> _ACTIVITY_
Would you restate, word for word, only the lines starting at the one with "Sonnenverbrannte Bretter, Altholz" and ending with the final line of the entries below? Pictures stay out.

> _Caption-style text data_
+++

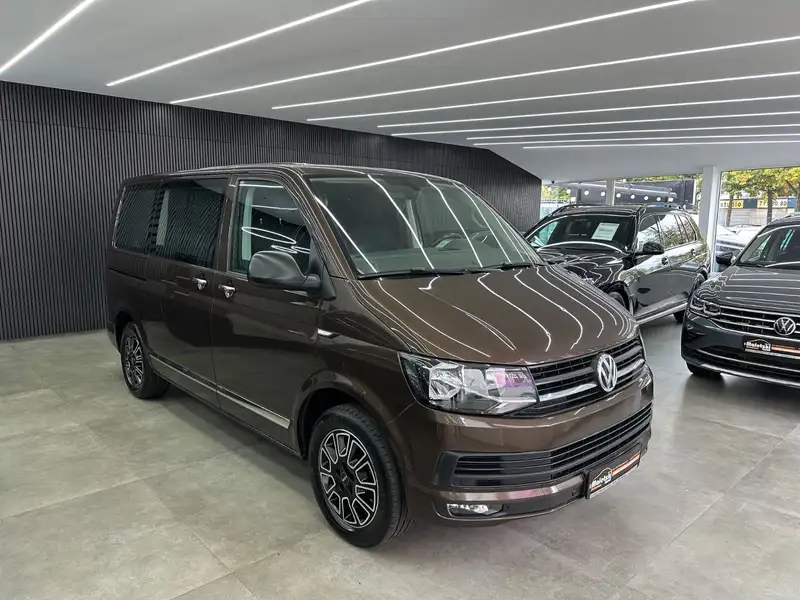 VOLKSWAGEN Multivan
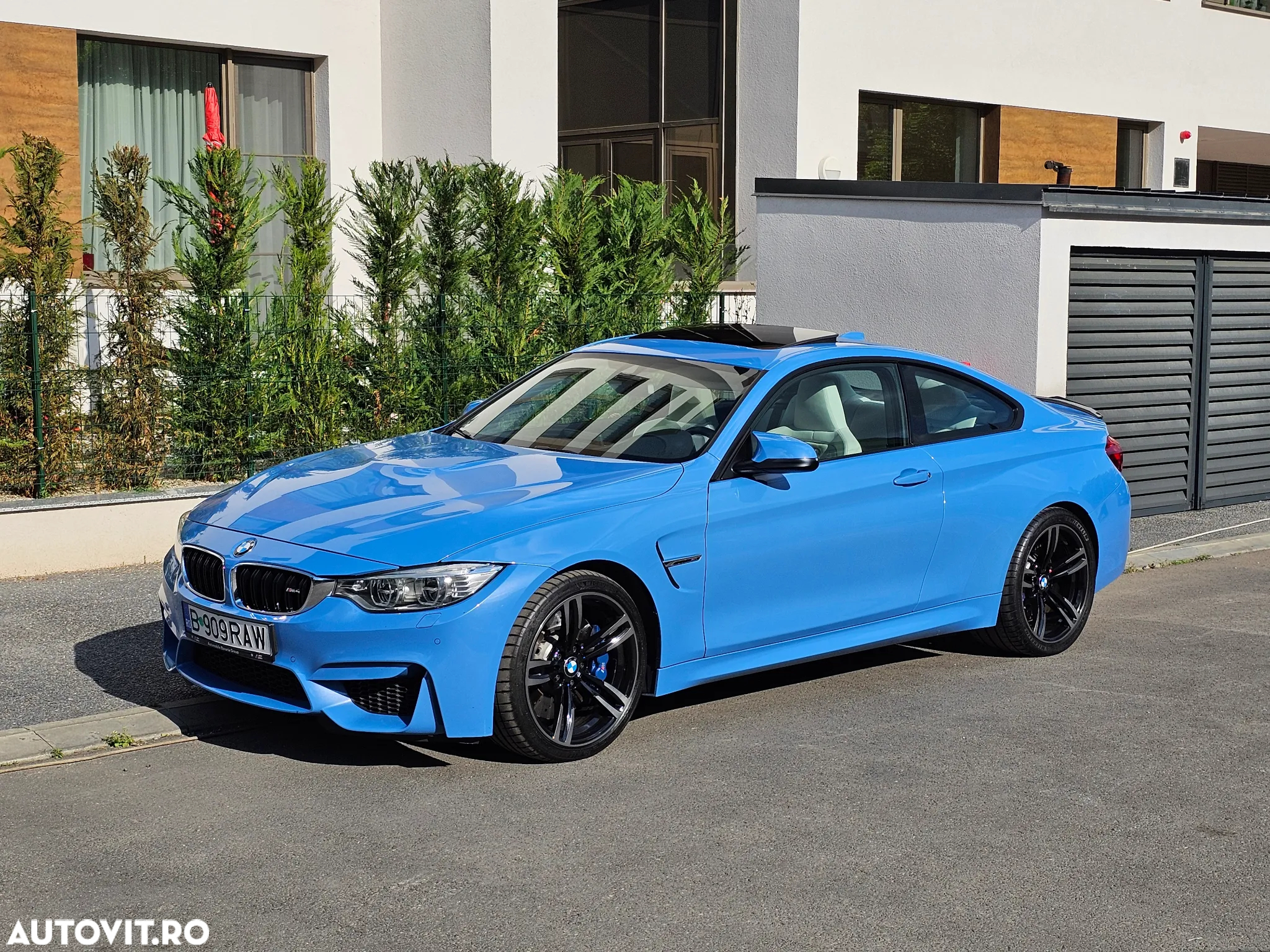 BMW M4 Coupe DKG - 35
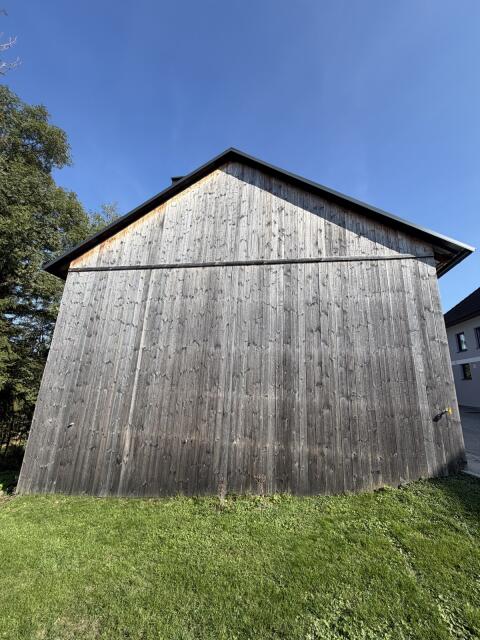 Sonnenverbrannte Bretter, Altholz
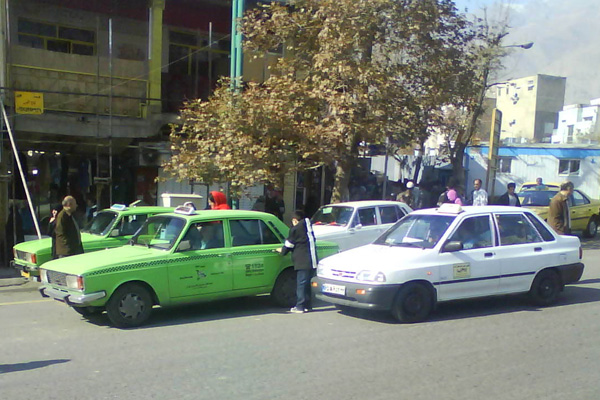 تداوم معضل شارژ ماهانه تاکسیهای سبز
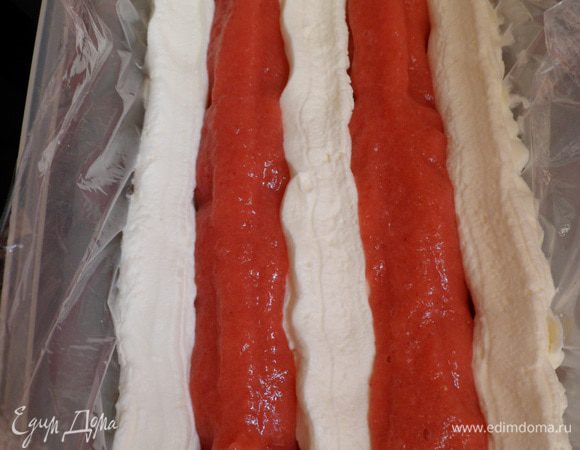 Затем заполняем 2 бороздки клубничным муссом.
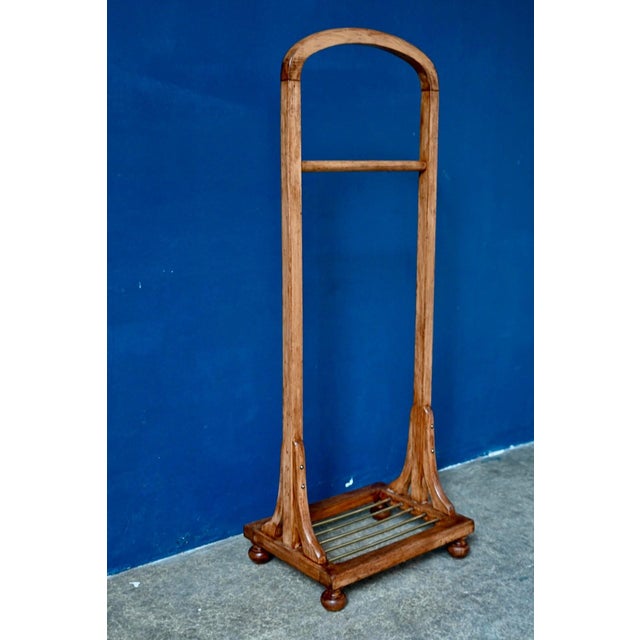 Vintage Wood and Gilt Brass Valet Stand with Turned Legs, 1930s For Sale - Image 4 of 14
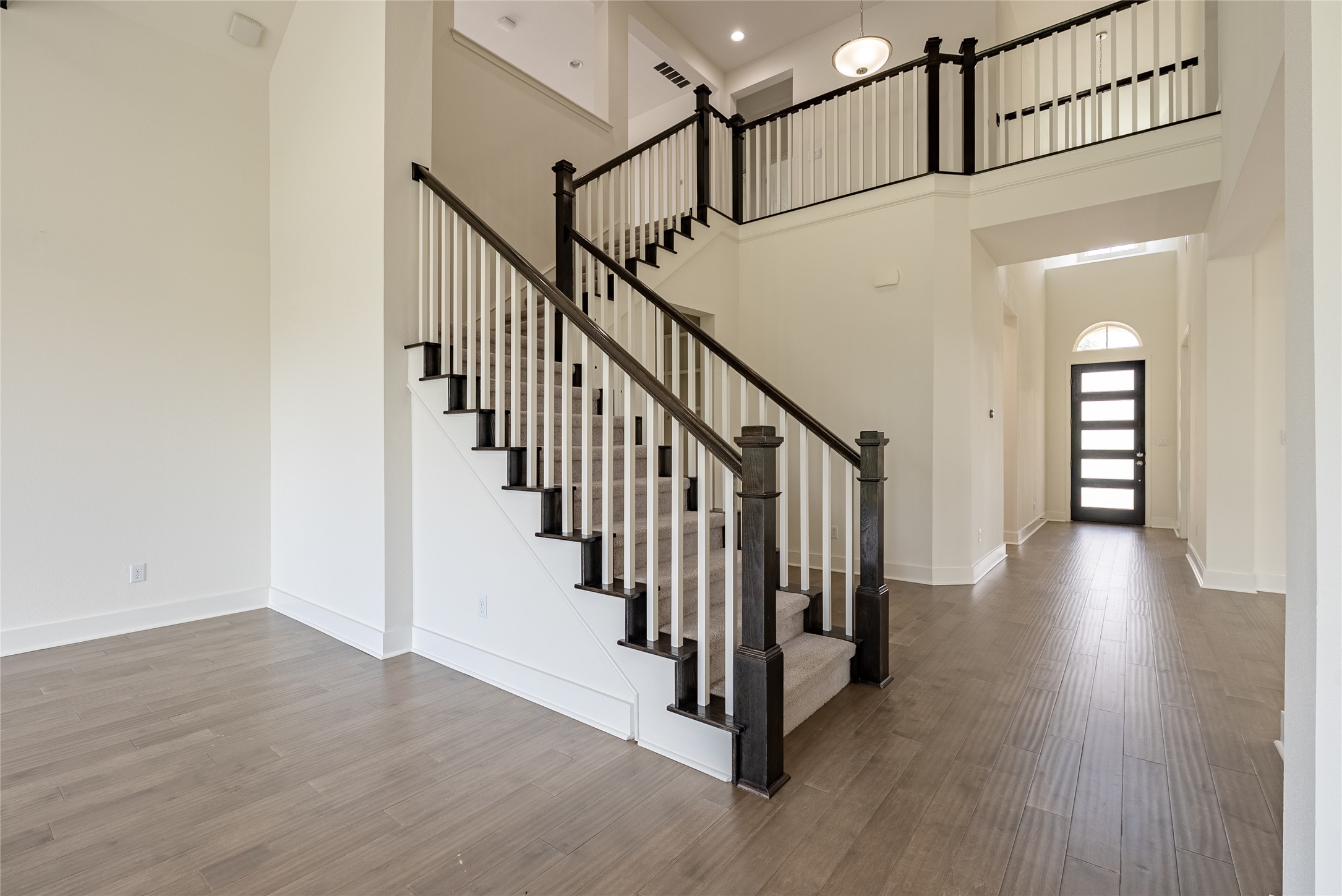 212 Eiglehart Road Austin, TX 78737 - Photo 12 of 31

+++

> _EXERCISE ANSWER_
 Sonnenverbrannte Bretter, Altholz
 تداوم معضل شارژ ماهانه تاکسیهای سبز
 Затем заполняем 2 бороздки клубничным муссом.
 Vintage Wood and Gilt Brass Valet Stand with Turned Legs, 1930s For Sale - Image 4 of 14
 212 Eiglehart Road Austin, TX 78737 - Photo 12 of 31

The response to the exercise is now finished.